Reputation: 107
I have a dataset that I'm working with that I'm attempting to reshape using tidyverse.
From:
|Name |eval |test |type | score|
|:----|:------|:----|:---------|-----:|
|John |first |1 |pretest | 10|
|John |first |1 |posttest | 15|
|John |first |2 |pretest | 20|
|John |first |2 |posttest | 30|
|John |second |1 |pretest | 35|
|John |second |1 |posttest | 50|
|John |second |2 |pretest | 5|
|John |second |2 |posttest | 10|
|Jane |first |1 |pretest | 40|
|Jane |first |1 |posttest | 20|
|Jane |first |2 |pretest | 10|
|Jane |first |2 |posttest | 20|
To:
|Name |eval |new_name | pre_test| post_test|
|:----|:------|:-------------|--------:|---------:|
|John |first |John_first_1 | 10| 15|
|John |first |John_first_2 | 20| 30|
|John |second |John_second_1 | 35| 50|
|John |second |John_second_2 | 5| 10|
|Jane |first |Jane_first_1 | 40| 20|
|Jane |first |Jane_first_2 | 10| 20|
tried doing group_by in order to group_by Name, eval, and test so that each group would essentially be pre_test vs. post_test for a given person.
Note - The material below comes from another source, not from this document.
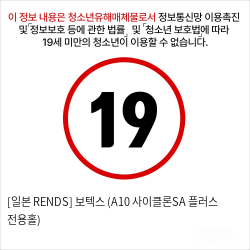 [일본 RENDS] 보텍스 (A10 사이클론SA 플러스 전용홀)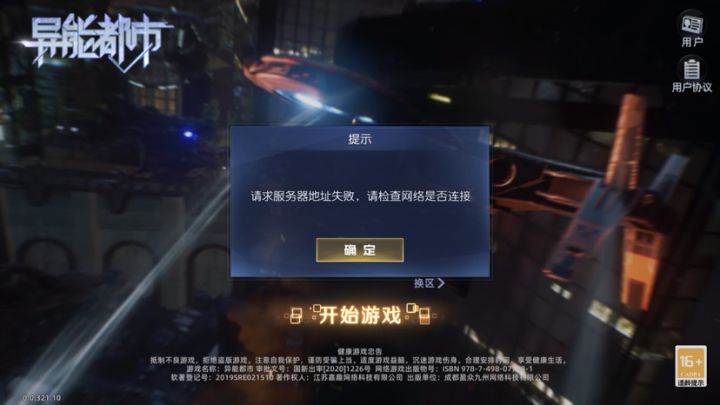又一个开服即关服的游戏?截图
also tried using unite on Name, eval, test, and type. But if I do a spread after that then each the unique name end up being a number of columns.
also tried to doing a unite first on Name, eval, test first, and then a spread using key=(new united name) and value =Value, but the output isn't what I wanted
I know a loop function can be written to take every other value and put into a new column, but I'm trying to see if there's a tidyverse way to go about this.
Thanks!!
library(tidyverse)
Name <- c('John', 'John', 'John', 'John',
'John', 'John', 'John', 'John',
'Jane', 'Jane', 'Jane', 'Jane')
eval <- c('first', 'first', 'first', 'first',
'second', 'second', 'second', 'second',
'first', 'first', 'first', 'first')
test <- c('1', '1', '2', '2',
'1', '1', '2', '2',
'1', '1', '2', '2')
type <- c('pretest', 'posttest', 'pretest', 'posttest',
'pretest', 'posttest', 'pretest', 'posttest',
'pretest', 'posttest', 'pretest', 'posttest')
score <- c(10, 15, 20, 30, 35, 50, 5, 10, 40, 20, 10, 20)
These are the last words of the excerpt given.